RESULTS: In the CRI and SC groups DEX maximum concentrations (Cmax) were 0.83 ± 0.27 ng/mL and 1.14 ± 0.71 ng/mL, respectively, reached at a time (Tmax) of 57.0 ± 13.4 min and 105.5 ± 29.9 min. Mean residence time to the last measurable concentration (MRTlast) was 11.7 ± 6.2 and 55.8 ± 19.7 min for the CRI group and SC groups, respectively. The apparent elimination half-life was 18.0 ± 10.0 min in the CRI group and 94.8 ± 69.8 min for the SC group, whereas the area under the curve (AUC0-last) resulted 67.7 ± 29.3 and 83.2 ± 60.5 min*ng/mL for CRI and SC group, respectively. Clearance was 16.26 ± 8.07 mL/min/kg for the CRI group. No signs of adverse effects were recorded in both groups.

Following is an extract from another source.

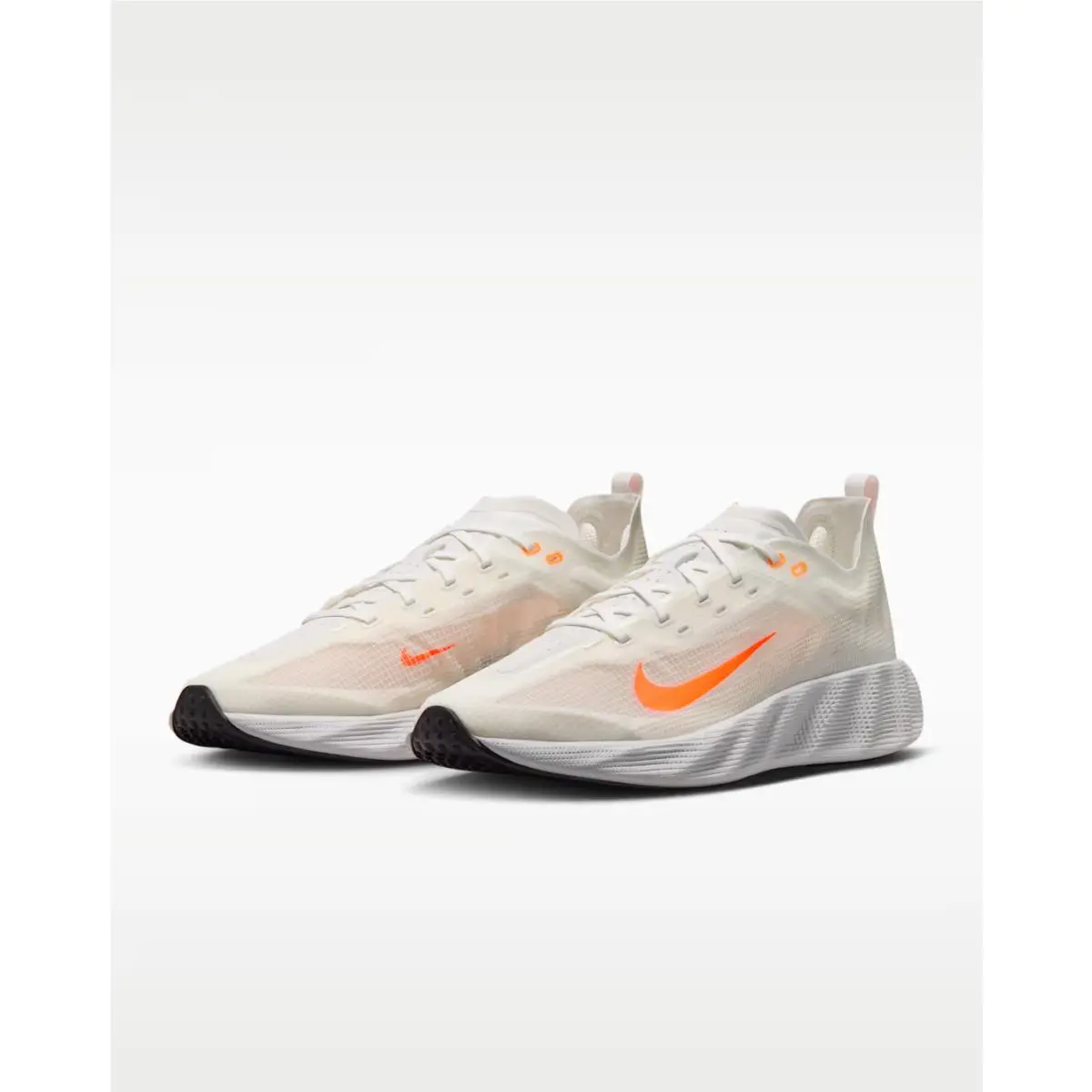 Nike shoes - Nike Ava X - Ava - HM9697-105 - Summit White/Photon Dust/Summit White/Total Orange 7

CONCLUSIONS: The pharmacokinetic profile of DEX following repeated SC administration in anaesthetized horses was comparable to intravenous CRI administration during the intranaesthetic period and beneficial during the recovery phase from general anaesthesia. The SC route could be considered as an alternative to CRI for improving the recovery quality of equine patients undergoing general anaesthesia.
摘要:
背景:在平衡的全身麻醉方案中加入右美托咪定(DEX)可有效改善马的临床效果和麻醉恢复质量。这项研究旨在确定每60分钟以2µg/kg的剂量重复皮下(SC)给药后DEX的药代动力学特征,直到程序结束,与以1µg/kg/h的静脉内恒定速率输注(CRI)相比。在接受诊断程序直至诊断程序结束的麻醉马中。

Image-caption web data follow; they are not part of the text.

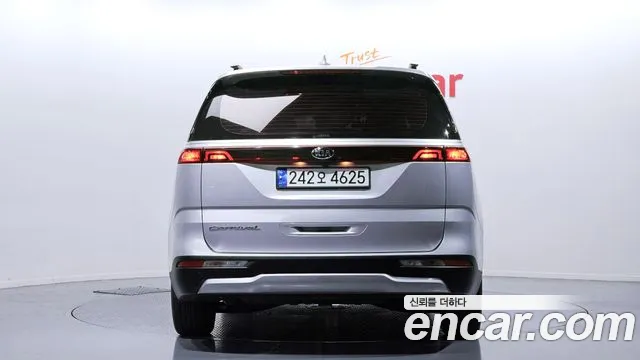 Kia Carnival 4th generation id 2656178 из Кореи 14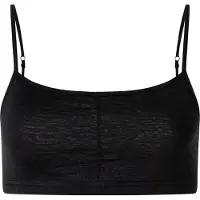 Super.natural - Women's Cosy Bra - Sujetador deportivo size XS, negro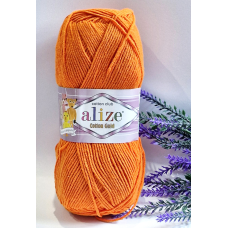 Alize Cotton Gold №37 апельсин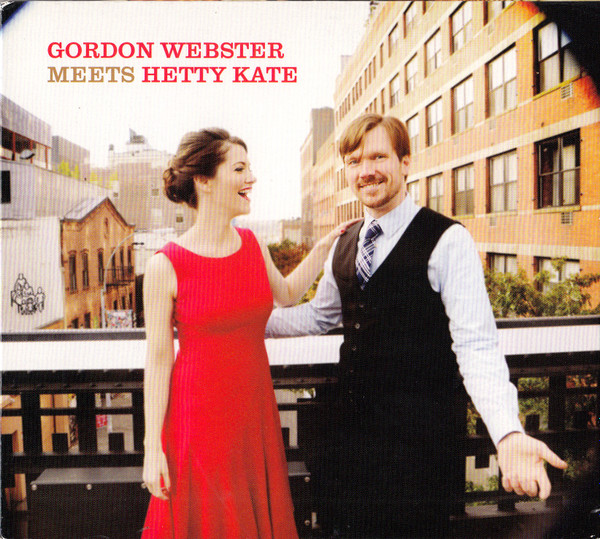 Album herunterladen Gordon Webster Meets Hetty Kate - Gordon Webster Meets Hetty Kate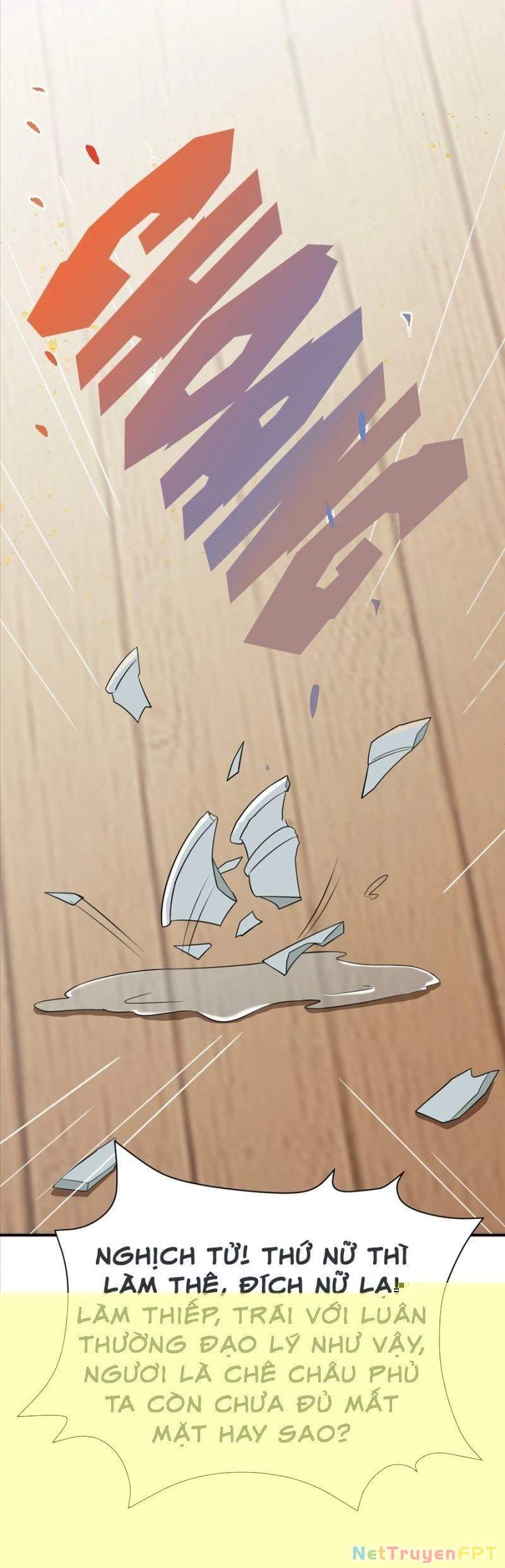 Hệ Thống Siêu Cấp Trà Xanh Chapter 8 - Trang 3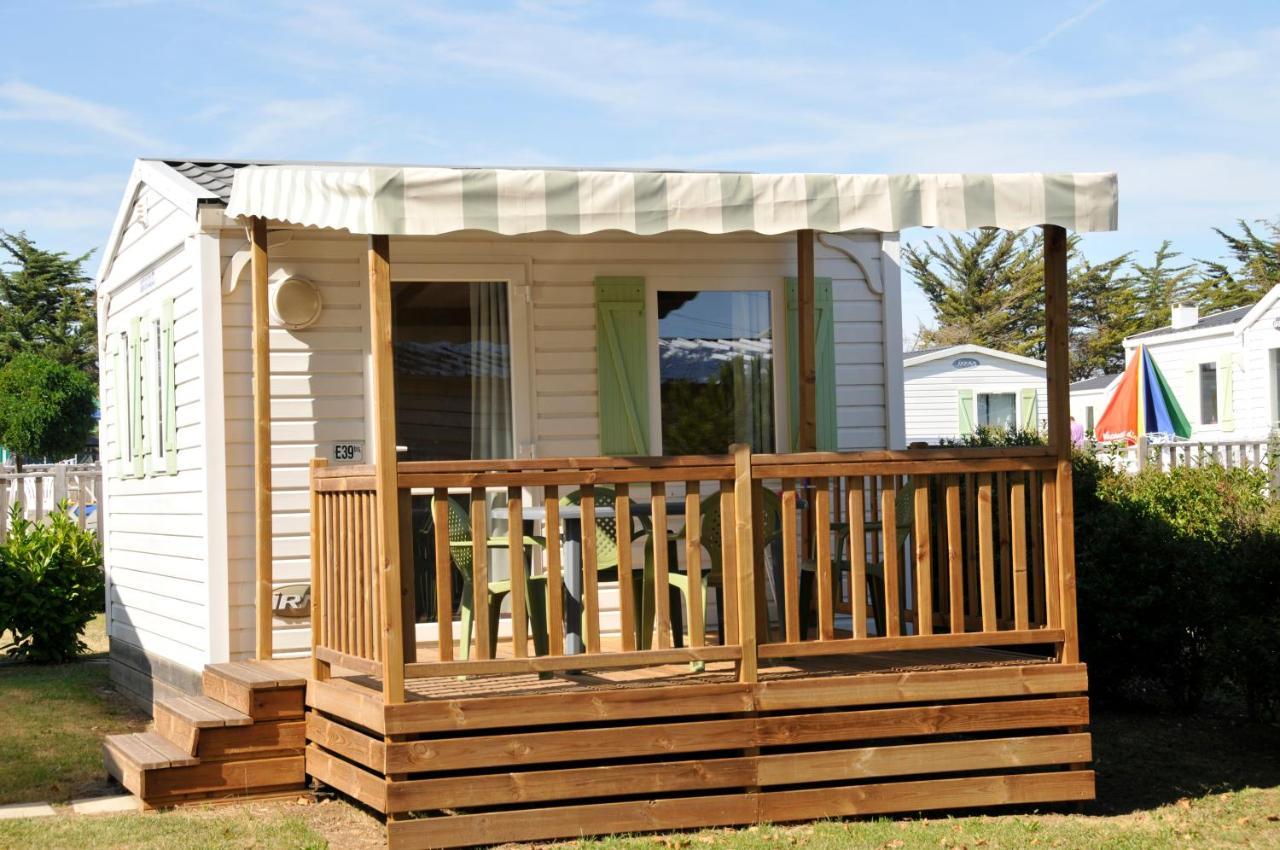 Camping Le Beaulieu Puilboreau Extérieur photo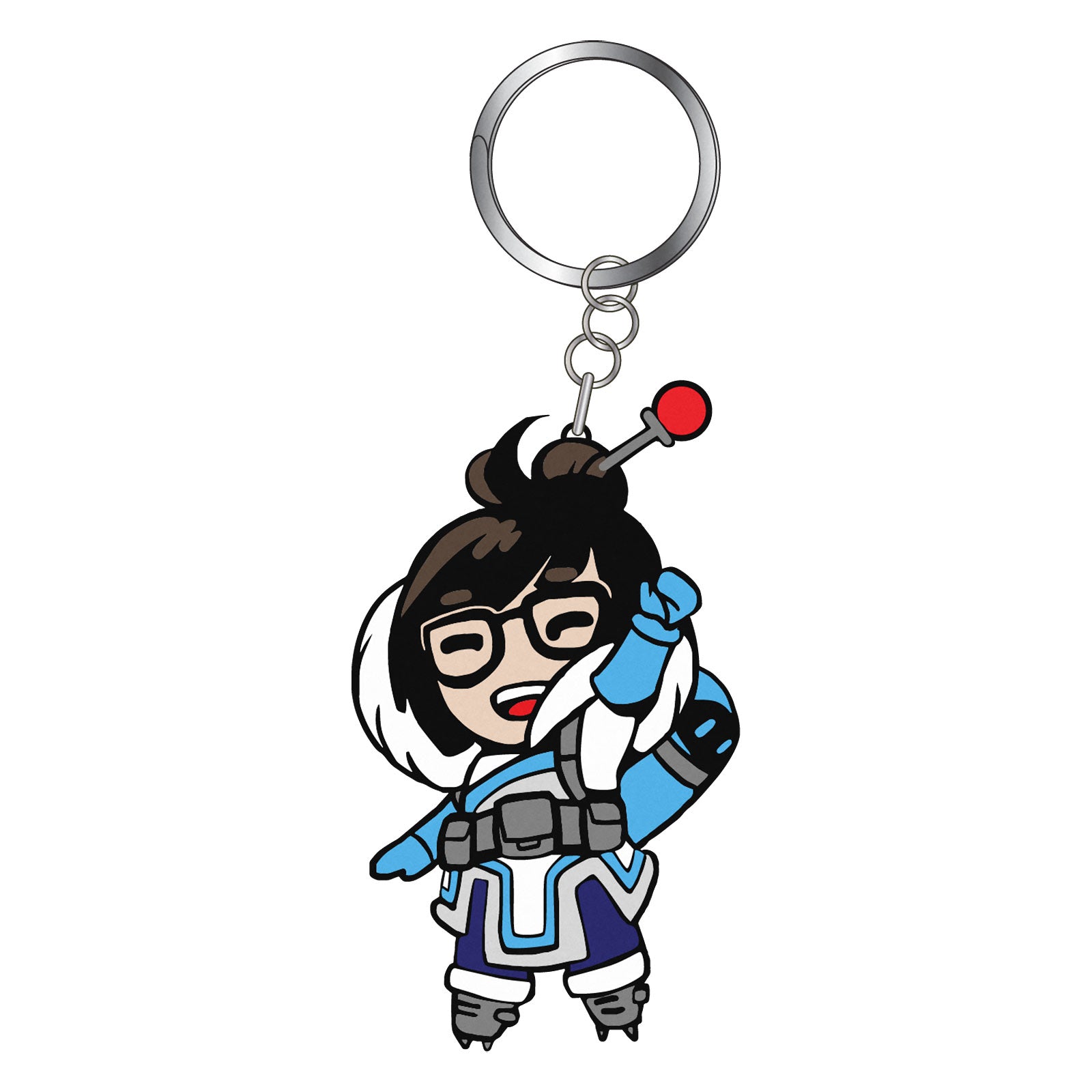 Produktbild Overwatch - Mei nyckelring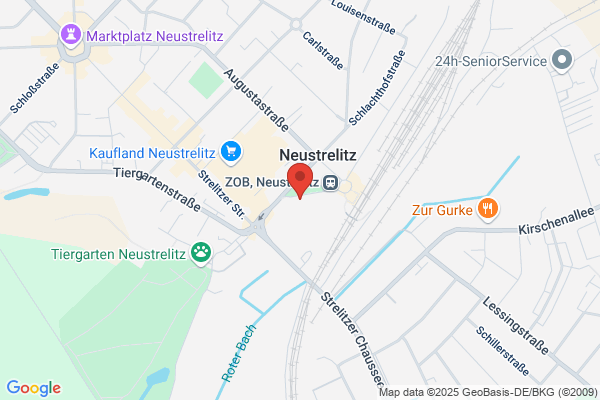 Amt Neustrelitz Land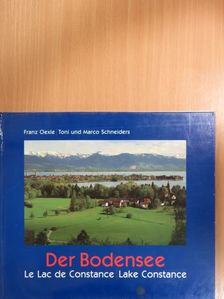 Franz Oexle - Der Bodensee [antikvár]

结果:在CRI和SC组中,DEX最大浓度(Cmax)分别为0.83±0.27ng/mL和1.14±0.71ng/mL,分别,在时间(Tmax)为57.0±13.4min和105.5±29.9min时达到。对于CRI组和SC组,到最后可测量浓度(MRTlast)的平均停留时间分别为11.7±6.2和55.8±19.7分钟。分别。CRI组表观消除半衰期为18.0±10.0min,SC组为94.8±69.8min,而CRI和SC组的曲线下面积(AUC0-last)分别为67.7±29.3和83.2±60.5min*ng/mL,分别。CRI组清除率为16.26±8.07mL/min/kg。两组均无不良反应迹象。
结论:在麻醉马中重复SC给药后,DEX的药代动力学特征与麻醉期间的静脉CRI给药相当,并且在全身麻醉的恢复期有益。SC途径可以被认为是CRI的替代方案,以改善接受全身麻醉的马患者的恢复质量。
结果:在CRI和SC组中,DEX最大浓度(Cmax)分别为0.83±0.27ng/mL和1.14±0.71ng/mL,分别,在时间(Tmax)为57.0±13.4min和105.5±29.9min时达到。对于CRI组和SC组,到最后可测量浓度(MRTlast)的平均停留时间分别为11.7±6.2和55.8±19.7分钟。分别。CRI组表观消除半衰期为18.0±10.0min,SC组为94.8±69.8min,而CRI和SC组的曲线下面积(AUC0-last)分别为67.7±29.3和83.2±60.5min*ng/mL,分别。CRI组清除率为16.26±8.07mL/min/kg。两组均无不良反应迹象。
结论:在麻醉马中重复SC给药后,DEX的药代动力学特征与麻醉期间的静脉CRI给药相当,并且在全身麻醉的恢复期有益。SC途径可以被认为是CRI的替代方案,以改善接受全身麻醉的马患者的恢复质量。